The most impressive achievement of Beaton’s book is the way that he captures the full dimensions of Greece’s recent troubles by setting them in the context of the two centuries since the 1821-32 war of national independence ... Beaton sheds light on recurrent patterns of political conflict, social change and economic upheaval to which most non-Greek policymakers and commentators during the 2010-18 debt crisis were too busy or — less forgivably — too ignorant to pay attention ... judicious, well-researched and commendably up-to-date — deserves to be the standard general history of modern Greece in English for years to come.
... splendid ... Previous histories of modern Greece by C.M. Woodhouse, Richard Clogg and Thomas Gallant have gotten bogged down in this Balkan complexity, but Mr. Beaton’s biographical conceit keeps the narrative focused, lively and clear. His accounts of the Metaxas dictatorship (1936-41), the Axis occupation and subsequent civil war are both gripping and remarkably balanced. Historians have seen the rise of the Communist Party in Greece and its violent suppression, with the help of Britain and the U.S. under the Truman Doctrine, as the start of the Cold War. But Mr. Beaton allows that Greek communists were not a monolithic force under Stalin’s control. They were terrible, but they represented a more local struggle against fascism and monarchy.
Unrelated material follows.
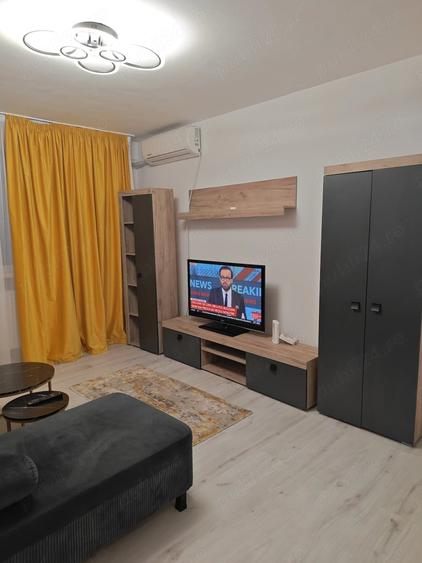 Apartament cu 2 camere decomandat în Viilor
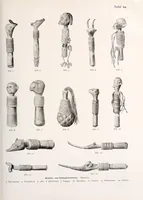 Picture 7 of 16 from Wissenschaftliche Ergebnisse meiner ethnographischen Forschungsreise in den Südosten Deutsch-Ostafrikas (1908), leaf 219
Some of this story is familiar, but Beaton salts it with fascinating details which consistently surprise ... Beaton covers bitterly contested historical terrain with flair and an admirable lack of partisanship. He expertly navigates landmines surrounding the Greco-Turkish population exchange, the years of the Metaxas dictatorship and the bloodletting that occurred during the Axis occupation of 1941–4 and subsequent civil war. Beaton reminds his readers that the 1974 war in Cyprus was ‘started by the Greek junta’, even if the Turkish invasion of the north island is what most people remember ... Beaton is scrupulously fair on the most controversial episodes, including Greece’s painful recent headaches over Eurozone debt and austerity. He clearly loves Greece, with all its imperfections and flaws, and he is not afraid to expose them. At times, however, his sympathy for Greece leads to a lack of critical distance. While noting the frequent abuse of the past by Greek politicians, Beaton still takes the Greek national project largely at face value ... Because his aim is to explain how modern Greeks ‘have thought about themselves’, Beaton follows them in downplaying their country’s Ottoman heritage (something that is obvious to anyone who visits Greece today). He might well have asked why modern Greeks and Turks quarrel over whose ‘coffee’ it is and pretend they don’t greatly resemble each other, in spite of shared musical, culinary and social traditions ... Still, these are quibbles. Beaton’s history of modern Greece is a scholarly and elegant introduction to this beguiling country. Serious students of history should read it, and no visitor to Greece should leave home without it.